Cidade do Vaticano (Terça, 20-01-2009, Gaudium Press) Sob o representativo e emblemático título "A Igreja na rede 2.0", bispos italianos estão reunidos hoje em um congresso em Roma para analisar as melhores maneiras de a Igreja Católica utilizar a Internet para promover valores, divulgar eventos Papais e anunciar o Evangelho sem ficar vulnerável ou exposta de forma equivocada.

Como a preocupação dos prelados não é infundada, e para ajudar na elucidação dessas problemáticas, foram convidados expertos em diversas áreas do conhecimento relacionadas ao uso da internet, como especialistas em informática e internet, teólogos e filósofos.

Além de discutir o melhor uso da plataforma pela própria Igreja, os religiosos reunidos avaliam também como a ferramenta vem sendo utilizada pelos próprios leigos e fiéis católicos e aproveitam para atualizar os documentos elaborados sobre o argumento do Pontifício Conselho para as Comunicações Sociais.

Entre os diversos conferentes do congresso, destacam-se estão dom Mariano Crociata, secretário-geral da CEI, e Pe.
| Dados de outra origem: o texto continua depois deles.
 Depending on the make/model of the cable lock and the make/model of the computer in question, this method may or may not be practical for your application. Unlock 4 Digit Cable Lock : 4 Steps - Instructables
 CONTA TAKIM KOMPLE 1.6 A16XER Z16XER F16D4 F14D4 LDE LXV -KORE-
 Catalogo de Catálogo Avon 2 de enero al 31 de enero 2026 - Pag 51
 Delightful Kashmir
Domenico Pompili, diretor do Escritório de Comunicação Social, os dois órgãos responsáveis pela viabilização do encontro.
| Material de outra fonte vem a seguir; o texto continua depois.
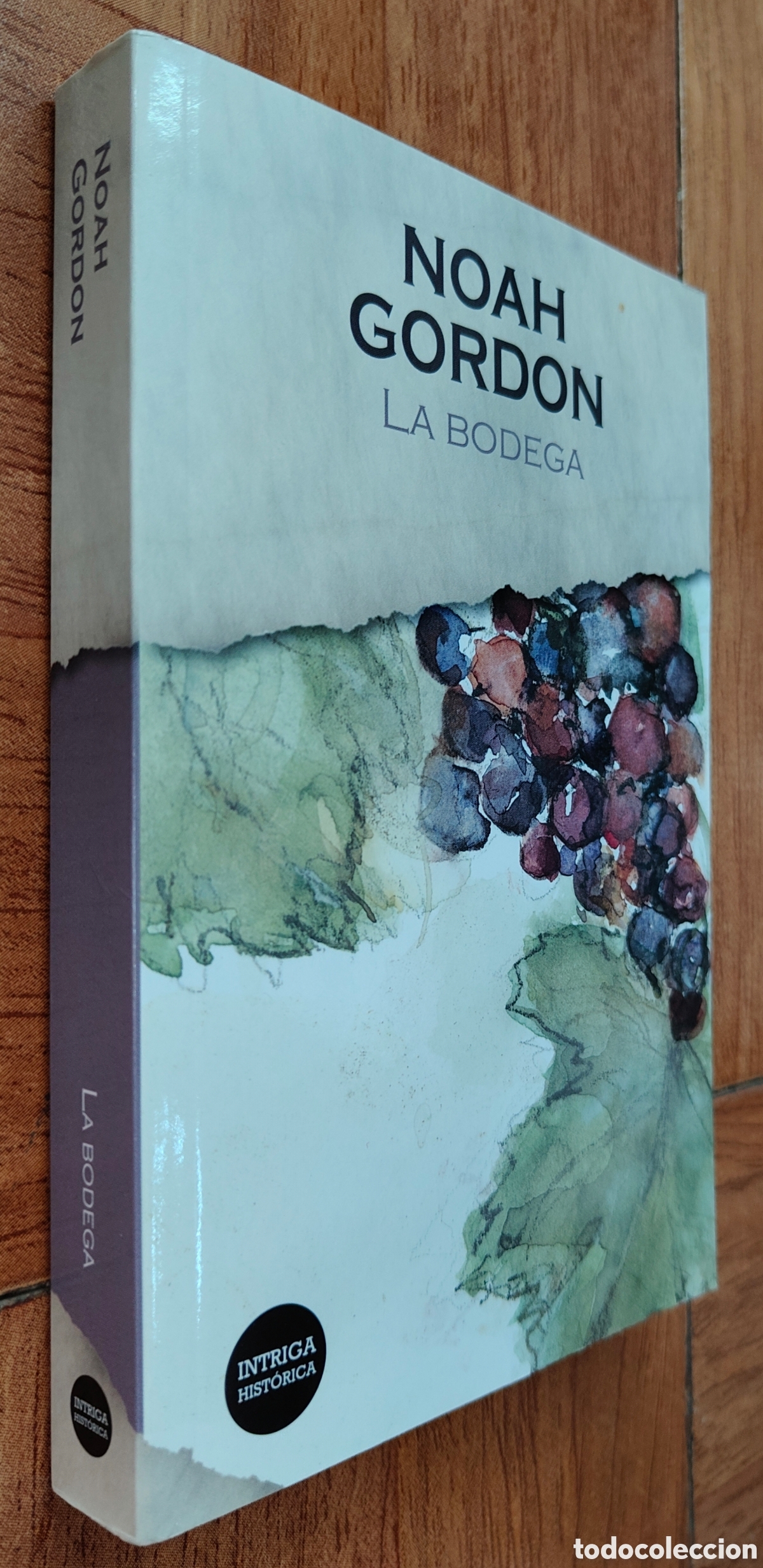 Libros: La Bodega � Penguin Random House - Noah Gordon - Foto 1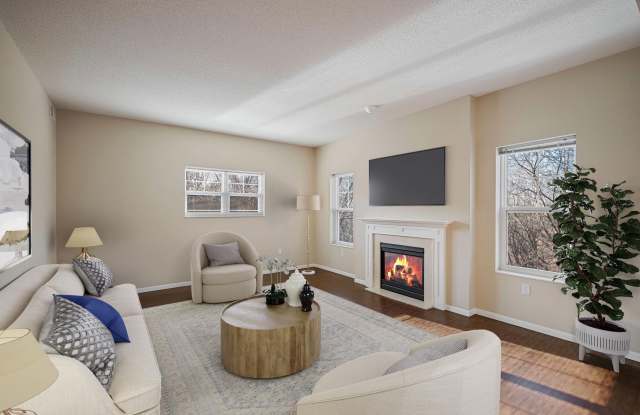 Lake Hazeltine Gallery 3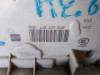 CERRADURA PUERTA TRASERA DERECHA SEAT IBIZA BERLINA (6J5) 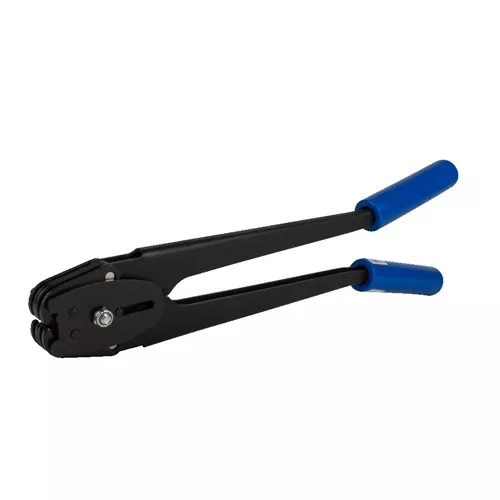 1/2" Premium Double Notch Steel Sealer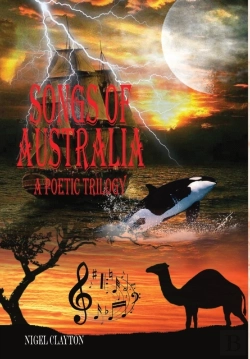 Bertrand.pt - Songs Of Australia - A Poetic Trilogy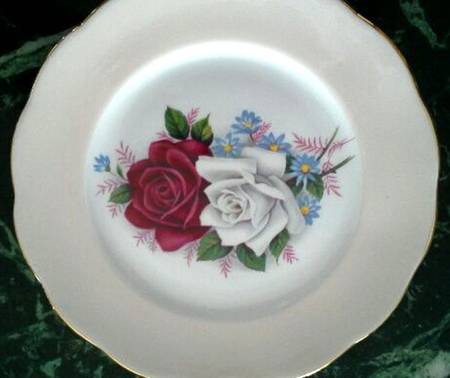 QUA73 by Queen Anne (England)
Segundo os organizadores, a Igreja pretende desfrutar de todas as potencialidades possíveis da internet em caráter "pastoral". Além disso, frente aos inquestionáveis perigos da rede social, invoca regras, convida a "não falar com desconhecidos", espera que a ética continue a prevalecer sobre a tecnologia, e que o mundo virtual não substitua as relações humanas "feitas de vozes, olhares, apertos de mãos".

Para o presidente da CEI, o desenvolvimento das redes sociais representa "uma grande oportunidade, mas também fonte de possíveis injustiças", e devem ser usadas, portanto, com o correto discernimento e com senso de responsabilidade. Ele pede que as famíl.ias "desconfiem de desconhecidos" e recomenda: "a Internet oscila entre exaltação e desconfiança; saibam, portanto, encontrar um correto caminho intermediário".

Dom Domenico Pompili sintetizou as discussões em três pontos que a Igreja considera fundamentais: como relacionar o real e o virtual na internet, como impedir o novo individualismo que dela deriva e como estar na rede sem alterar a própria natureza, a própria identidade e a própria linguagem.

Parceria com o Google

O congresso acontece dias depois da inauguração do Cathoogle, ferramenta de busca pela rede mundial dedicada exclusivamente a temas concernentes ao mundo católico, e às vésperas do anúncio da criação de um canal exclusivo no YouTube, ambas iniciativas frutos de acordo entre a Santa Sé e o gigante Google.

O primeiro já está no ar e funciona como o seu site-mãe, o Google. Já o canal dentro do YouTube, para, por exemplo, armazenamento e compartilhamento de vídeos dos discursos, homilias e intervenções do Papa, será inaugurado após anúncio oficial na próxima sexta, durante a apresentação da mensagem do Papa pela 43ª Jornada Mundial das Comunicações Sociais.

O congresso "A Igreja na rede 2.0" termina amanhã.